Jakarta (ANTARA) - Direktorat Jenderal Pajak (DJP) Kementerian Keuangan merinci penghitungan tarif efektif penghitungan pajak penghasilan (PPh) pasal 21.

Rincian tersebut sebagaimana yang tertuang dalam Peraturan Menteri Keuangan (PMK) Nomor 168 Tahun 2023 tentang Petunjuk Pelaksanaan Pemotongan Pajak atas Penghasilan Sehubungan dengan Pekerjaan, Jasa, atau Kegiatan Orang Pribadi. PMK tersebut merupakan peraturan pelaksanaan dari Peraturan Pemerintah (PP) nomor 58 tahun 2023.

“Untuk memberikan kepastian hukum, kemudahan, dan kesederhanaan pemotongan PPh 21 oleh pemberi kerja. PMK ini diterbitkan agar bisa mengakomodir penyesuaian tarif pemotongan menggunakan tarif efektif dan tarif Pasal 17 Ayat (1) UU PPh,” kata Direktur Penyuluhan, Pelayanan, dan Hubungan Masyarakat Dwi Astuti di Jakarta, Selasa.

Pasal 13 PMK-168 tahun 2023 secara khusus mengatur ketentuan mengenai penggunaan tarif efektif dan tarif Pasal 17 Ayat (1) huruf a Undang-Undang Pajak Penghasilan (UU PPh) untuk memudahkan penghitungan pemotongan PPh Pasal 21. Tarif efektif yang dimaksud terdiri atas tarif efektif bulanan dan tarif efektif harian.
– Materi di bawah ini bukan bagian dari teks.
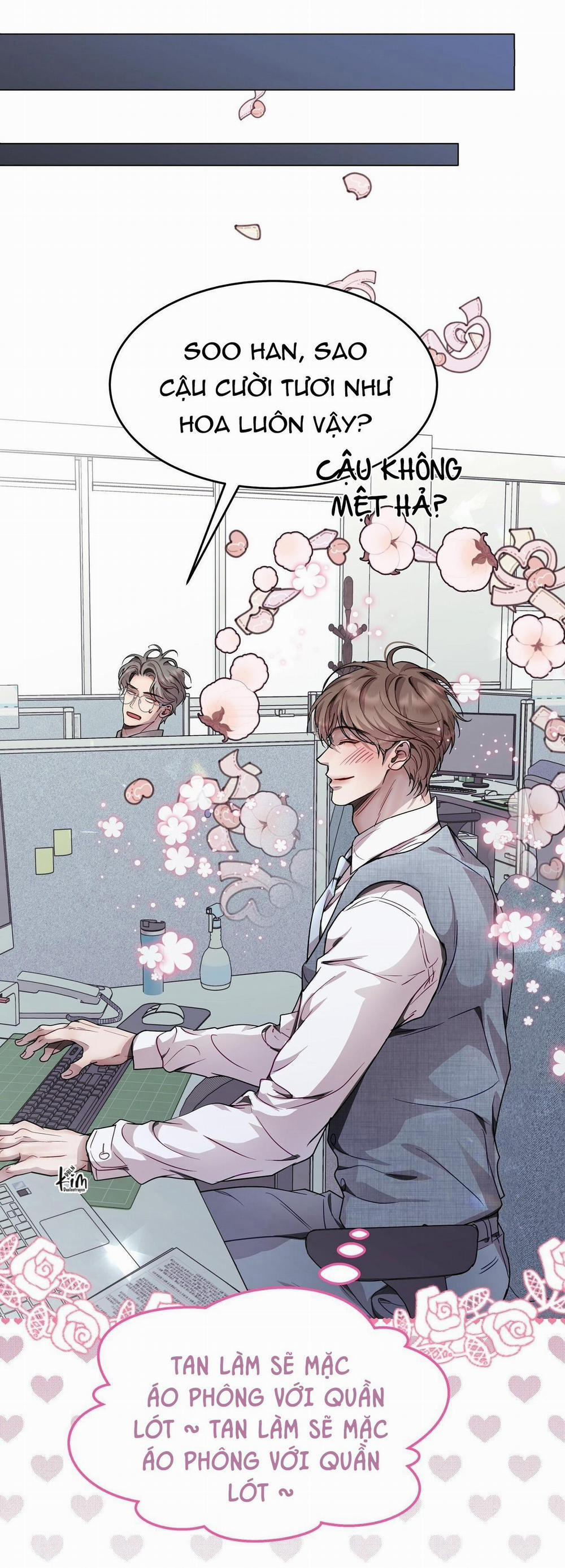 Lối Sống Ích Kỷ 67 trang 14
Bagi pegawai tetap, tarif efektif bulanan digunakan untuk menghitung PPh Pasal 21 setiap masa selain masa pajak terakhir. Adapun tarif Pasal 17 Ayat (1) UU PPh untuk menghitung PPh Pasal 21 pada masa pajak terakhir.

Bagi dewan pengawas atau komisaris, penghitungan pemotongan PPh Pasal 21 menggunakan tarif efektif bulanan.

Bagi pegawai tidak tetap, tarif efektif harian untuk penghasilan yang tidak diterima bulanan dan jumlah harian/rata-rata harian sampai dengan Rp2,5 juta. Selanjutnya, tarif Pasal 17 Ayat (1) UU PPh untuk penghasilan yang tidak diterima bulanan dan jumlah harian/rata-rata harian lebih dari Rp2,5 juta. Adapun tarif efektif bulanan berlaku untuk penghasilan yang diterima bulanan.

Bagi bukan pegawai, peserta kegiatan, peserta program pensiun, dan mantan pegawai, skema penghitungan menggunakan tarif Pasal 17 Ayat (1) UU PPh.

Sementara bagi pejabat negara, PNS, TNI, Polri, dan pensiunannya, tarif efektif digunakan untuk menghitung PPh Pasal 21 setiap masa selain masa pajak terakhir dan tarif Pasal 17 Ayat (1) UU PPh untuk menghitung PPh Pasal 21 pada masa pajak terakhir.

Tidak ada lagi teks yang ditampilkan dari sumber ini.